In den letzten Jahren waren es vor allem Begegnungen mit anderen Künstlerinnen, die mich inspiriert haben. Durch das Women in Lighting-Netzwerk hatte ich die Möglichkeit, internationale Künstler:innen kennenzulernen und mich auszutauschen. Anfang des Jahres war ich mit einer Arbeit zu einer Gruppenausstellung in Hongkong eingeladen, organisiert in Zusammenarbeit mit Studio Zaha Hadid. Die Vernissage fand am Weltfrauentag statt, und am ersten Abend saßen wir – zehn großartige Künstlerinnen, Architektinnen und Kuratorinnen – gemeinsam beim Abendessen. Es war beeindruckend, so unterschiedliche Perspektiven und Erfahrungen zu teilen, und schön zu erleben, wie unterstützend und offen dieser Austausch war.
Jacqueline Hen — Off Grid, 2024
72 x 52 x 10 cm — Edition of 8 + 2AP
Wenn du frei wählen könntest - gibt es ein Projekt, das du unbedingt noch verwirklichen möchtest? Oder einen Ort, an dem du einmal ausstellen würdest?
Gleichzeitig faszinieren mich auch ungewöhnliche Architekturen und Räume, die ursprünglich nicht für künstlerische Zwecke gedacht sind. Gerade diese Orte bieten oft eine besondere Herausforderung und Inspiration, weil sie so unvermittelt wirken. Ein Ort, der mich im letzten Jahr besonders beeindruckt hat, ist der Bassin d’Austerlitz – ein riesiges Überlaufbecken, das im Rahmen der Olympischen Spiele in Paris gebaut wurde.

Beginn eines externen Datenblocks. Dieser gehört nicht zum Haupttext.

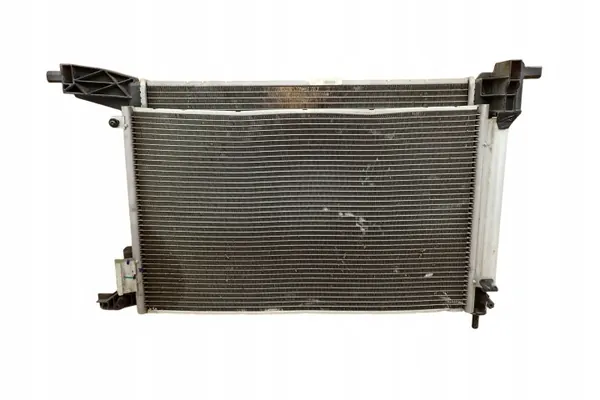 Fiat OE 52052603 Koelvloeistofradiator Voor image 2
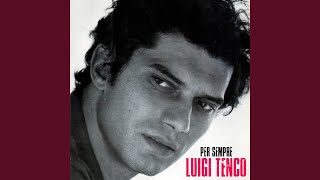 Video thumbnail of "Luigi Tenco - Se Stasera Sono Quí (Remastered)"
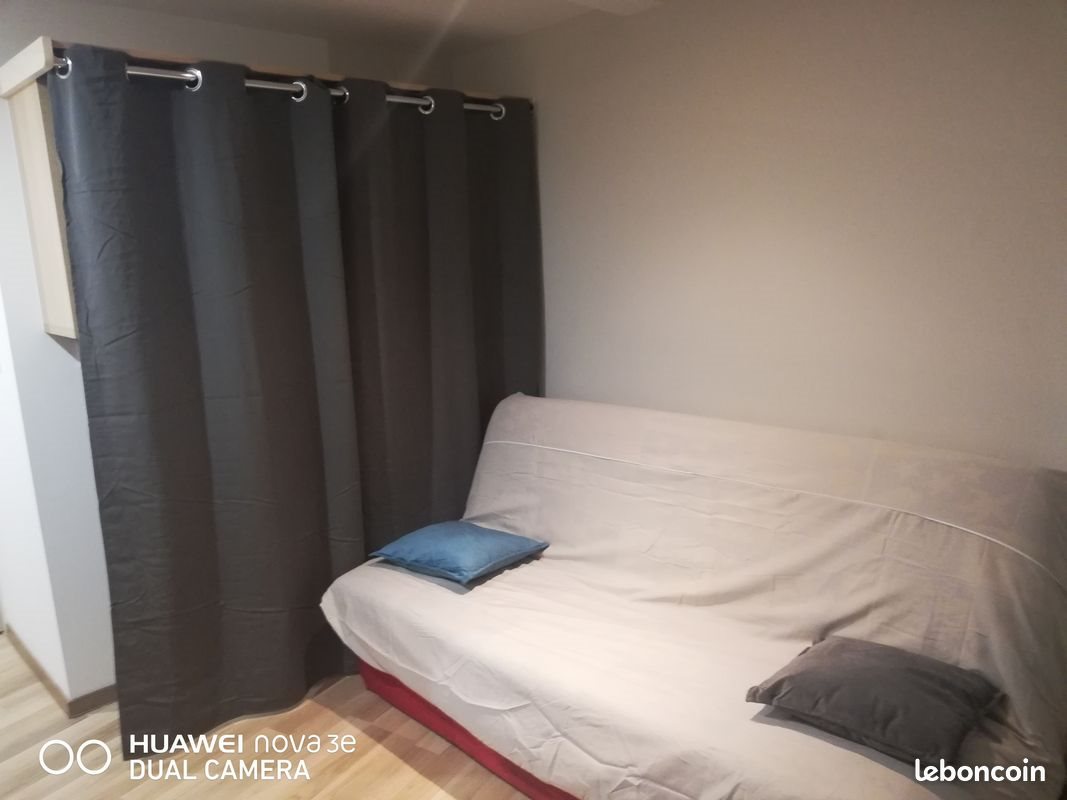 Appartement à louer, 16m², Pamiers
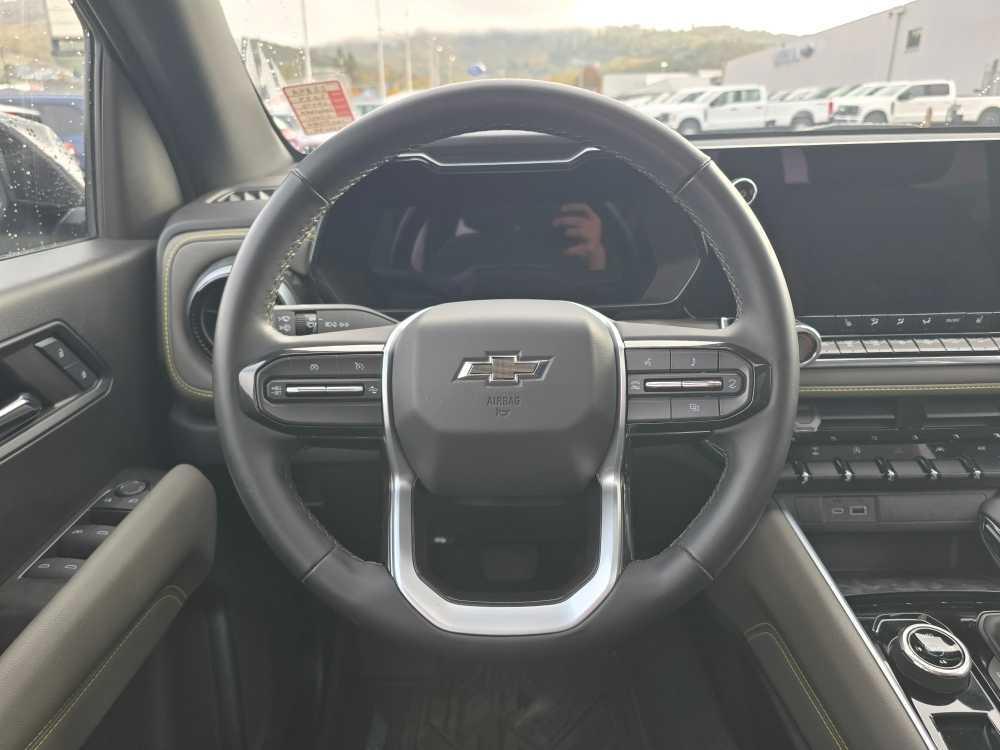 used 2024 Chevrolet Colorado car, priced at $46,745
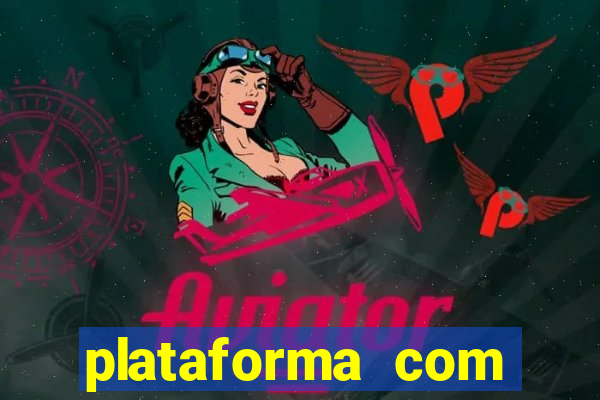 plataforma com banca demo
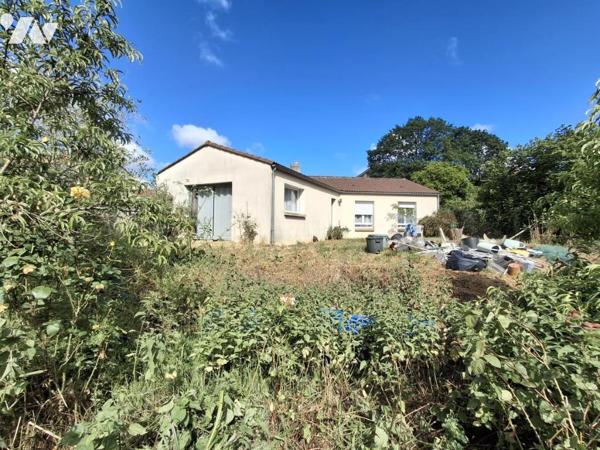 La Roche sur Yon maison de plain-pied trois chambres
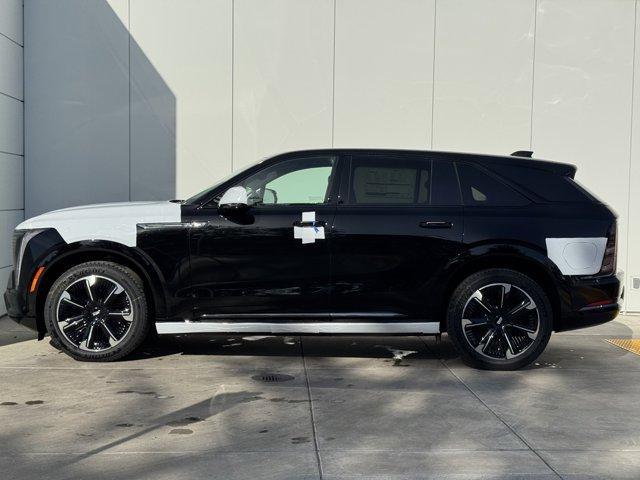 new 2025 Cadillac Escalade IQ car, priced at $152,185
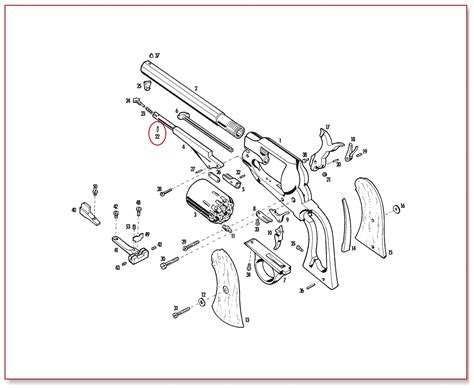 remington model  parts diagram general wiring diagram
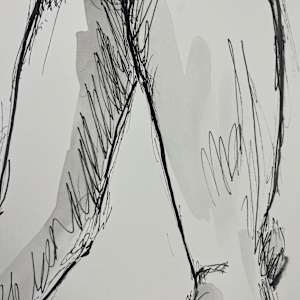Gesture of Emil No. 2 by John Velo 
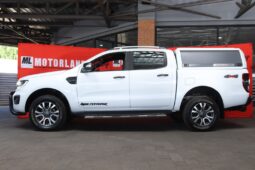 2021 Ford Ranger 2.0D Bi-Turbo Wildtrak 4×4 A/T P/U D/C full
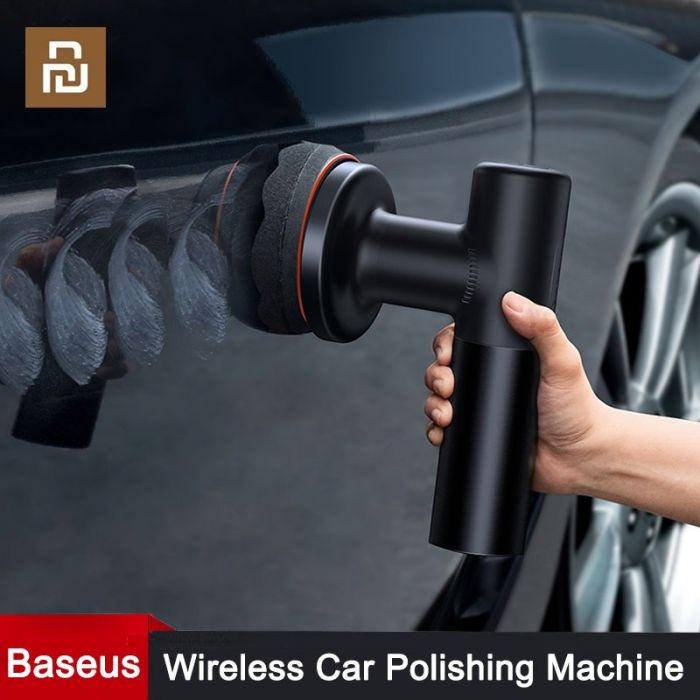 Baseus New Power Cordless Electric Polisher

Deine Arbeiten laden zur Reflexion ein, schaffen Räume für Begegnung und Transformation. Was möchtest du, dass die Betrachter:innen aus deiner Kunst mitnehmen? Gibt es eine Botschaft oder ein Gefühl, das du transportieren möchtest?
Ich finde es spannend, neue Perspektiven auf die eigene Wahrnehmung und die eigene Position in Räumen zu hinterfragen. Statt einer konkreten Botschaft geht es mir eher um die Schaffung von Erfahrungsräumen, in denen Gewohntes hinterfragt werden kann. Das ist, was mich antreibt und die Hoffnung jene Erfahrung den Betrachter:innen zu ermöglichen.